Подростки, гоняющие мяч и голубей.
Дети…
Как же страшно было мальчику вместо выпускных экзаменов воевать в холодных, голодных окопах, захлебываясь слезами пополам с красным снегом, ненавистью и  страхом вперемешку с надеждой все-таки выжить… Даже очень сильному мальчику пройти через все это было почти невозможно, почти нереально.
Особенно если ты просто сам.
Беззащитный и одинокий…
-Пап, - тихо спросила я, - а иконка священника где?
- Так у тебя! - засмеялся вдруг папа, - Или забыла? Я в роддом тебе ее отдал! Пусть у тебя будет. А вырастет Ванька- ему отдашь!
- Пап, - я уже почти смеялась, - так Ванька родился тоже в морозы! Помнишь, какой снежище тогда шел?
-А то! Вот именно поэтому теперь я снег-то и люблю! Ну, по крайней мере, не так страшусь, как раньше…
Мы засмеялись, оба поднялись, поглядели немного на мирно сопящего Ваньку и разошлись по комнатам спать- мы с Ваняткой остались у себя, а мой большой, сильный и очень добрый папа Иван Иванович ушел в свою.
...Возле пеленального столика тихо лежала та самая иконка Николая Угодника.

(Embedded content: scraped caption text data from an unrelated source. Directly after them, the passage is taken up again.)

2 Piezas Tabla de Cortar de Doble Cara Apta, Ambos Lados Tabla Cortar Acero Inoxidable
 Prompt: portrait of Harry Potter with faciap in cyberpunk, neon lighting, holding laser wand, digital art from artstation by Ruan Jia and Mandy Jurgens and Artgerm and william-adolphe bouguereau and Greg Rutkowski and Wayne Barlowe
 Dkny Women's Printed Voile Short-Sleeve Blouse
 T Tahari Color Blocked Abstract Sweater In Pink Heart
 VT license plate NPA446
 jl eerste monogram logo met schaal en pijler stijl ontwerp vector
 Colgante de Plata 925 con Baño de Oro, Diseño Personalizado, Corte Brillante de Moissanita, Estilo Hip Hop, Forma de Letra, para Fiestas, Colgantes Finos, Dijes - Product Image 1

...В коридоре поворчал на своей подстилке старый уже, черный и лохматый пес по кличке Жук- полуночничают, спать не дают, совести у них нет.
...Дедовы кресты мирно покоятся в старой косметичке на верхней полке в шкафу.
...А за окном тихо и покорно падает легкий и праздничный январский снежок…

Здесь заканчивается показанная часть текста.